創意工夫は国民的課題
どのような仕事であれ、創意工夫の余地があれば、人は意欲的に働く。上からの命令、指示とマニュアルだけの仕事であれば、創意工夫もできず、仕事は労働いや作業になってしまい、苦痛以外の何物でもなくなる。飲食店のワタミ、すき家が最近ブラック企業として取り上げられているが、効率のみを求める非人間的経営姿勢が問われているのではないだろうか。通常飲食店は深夜まで営業していることが多いので、長時間労働業種ということになるが、それでも現場で創意工夫をしながら、元気に働いている人達もいる。店舗の数が多くなれば食材の調達、資金力などで有利な面が多々あるのだろうが、やはり飲食店はまず従業員満足が前提になる業種だ。規模の拡大を金科玉条とするのは問題がある。

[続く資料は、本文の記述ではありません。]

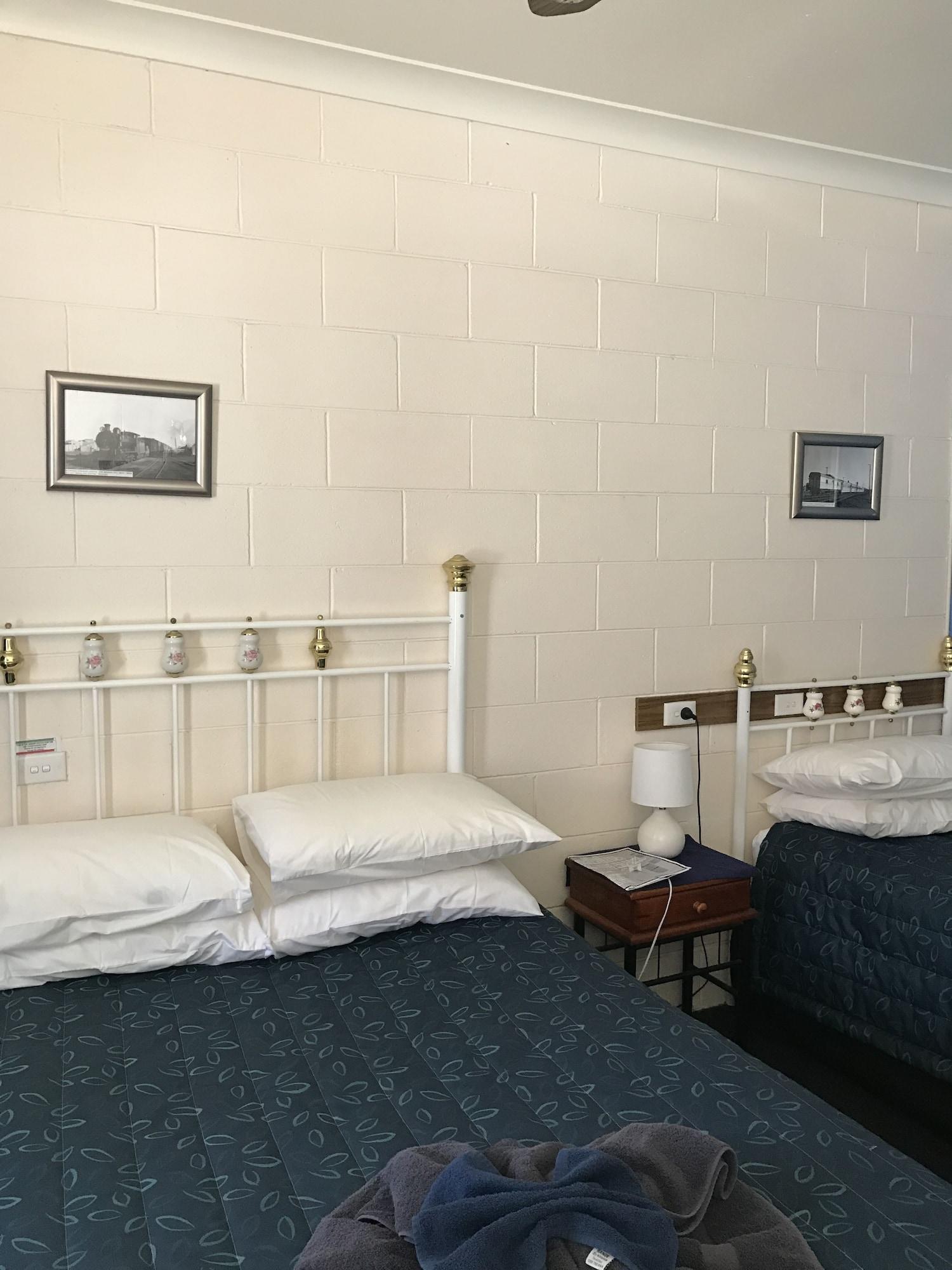 The Lodge Outback Motel Broken Hill Bagian luar foto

さて農業についても創意工夫の大切さが指摘されている。
「1町歩でも複合経営をやったら、無限に創意工夫の余地がある。そうなってくると非常に面白みがある。面白くなってくると後継者もできる。今、基本法農政の最大の犯罪は、農業から面白さを奪ったことですよ」(「生き生きと農業をするための勇気」富坂キリスト教センター刊 27P)

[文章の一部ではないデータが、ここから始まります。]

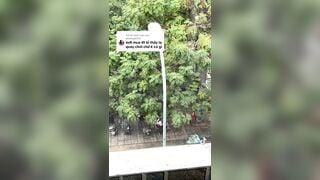 Thanh niên bóp vú bé gái ngay ngoài đường p2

私は現在小川町の金子さんの農場に有機野菜塾の関係で通っている。畑では野菜の他、ブドウなどの果樹も栽培し、田圃で稲作をし、牛を飼い、鳥も飼っている。有機農家の小規模複合経営を目の当りにしている。
三菱商事常勤顧問の藤山知彦氏は最近の日本経済新聞のコラム「十字路」でイノベーションを生み出す4つの要素を挙げている。
1.個人の独創性
2.文理や理工といった壁を越える取り組み
3.多様性のある組織
4.組織の運営。指令による「目標」の他に「自主研究」部分を残すことだ。
氏はイノベーションを技術革新と翻訳しないで、「創意工夫」と捉えてみようと提案している。現在の日本にとってイノベーション、創意工夫はまさに国民的課題となっている。